5 Tips for Keeping Pace with AWS’s Innovation

“It is not the strongest or the most intelligent who will survive but those who can best manage change.” -Charles Darwin

We’re constantly inventing and improving at AWS. And, while we currently offer customers more than 90 services (with many, like EC2, also providing a wide variety of sub-choices), the pace of our innovation roll-out continues to accelerate. Last year, for example, AWS released over 1,000 new features and changes, which means that developers can wake up to approximately 3 new changes on the AWS platform each and every day.

After talking with dozens of customers, there’s no question that they truly value this enriched and turbo-charged approach to innovation as they embark and proceed on their cloud journeys. But some organizations are asking for a series of best practices and processes that will help them keep up with the rapid pace of change. Their goal, of course, is to embrace and take full advantage of what’s new and improved at AWS.

Many enterprise customers have traditionally taken a measured approach when it comes to adopting new services and features because, even though there’s so much to gain from the fresh innovation, they’ve built up value in existing data, assets, and intellectual property. .

In addition, before launching a service or feature, enterprises prioritize the vetting of security, operations, and maintenance aspects of the new solution. In many cases, they’re forced, or look, to adhere to 3rd-party risk assurance and compliance frameworks (particularly regulated companies) in order to assess the security posture of their technology platforms. In the end, the challenge for organizations boils down to this — How do they rapidly take advantage of new products and features without abandoning operations and security discipline?

Tip #1 Define your operating model and tenets

Some enterprise customers face a different challenge when word gets out that AWS has been adopted. In this case, the cloud team is often overwhelmed with requests for access to the AWS platform and associated services. It may seem like a trivial problem, but in enterprises with hundreds, or even thousands, of applications and teams, the scaling challenges make this a significant issue.

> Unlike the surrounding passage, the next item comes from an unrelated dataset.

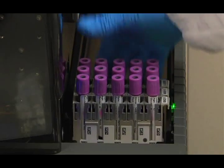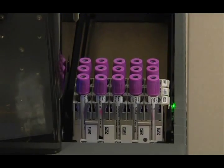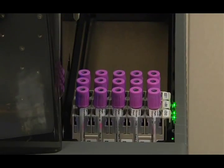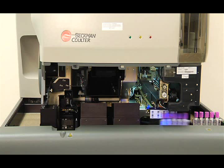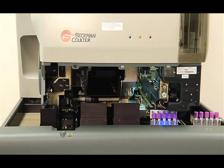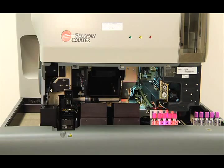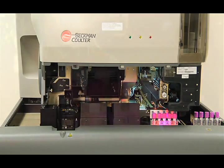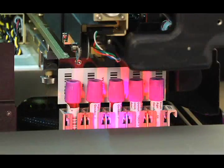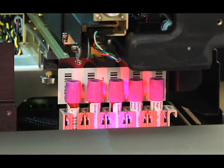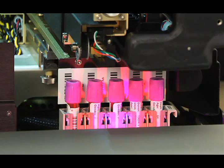The magnetic force advances the samples to the barcode reading station. This is the location where the SlideMaker Stainer module collects sample demographics. The barcode reader uses state-of-the-art digital technology.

To help organizations deal with each of these issues, and get the most out of new AWS services and features, enterprise leaders need to ask themselves what their future-state operating model is going to look like. Or, put another way, what’s the new culture, or set of tenets, they want to establish?

For most customers, the spectrum of operating model and culture extends from conservative, controlled, and centralized decision-making all the way to decentralized, DevOps-style decision making. As I’ve said in a previous post, there’s no right or wrong approach here; and, in most cases, enterprises use multiple models because some workloads and applications require more control and others need freedom, flexibility, and agility.

If an organization wants to give developers more freedom and autonomy, for instance, it will allow them to decide which AWS services they need to build the best cloud-based experiences. If, on the other hand, an organization believes in a more centralized, controlled model, it will vet AWS services before they’re adopted. These are the extremes and I’ve found that most organizations end up somewhere between these book ends.

Having said this, I’d like to share a few best practices and processes that will help with AWS service adoption, no matter where your organization sits on the spectrum.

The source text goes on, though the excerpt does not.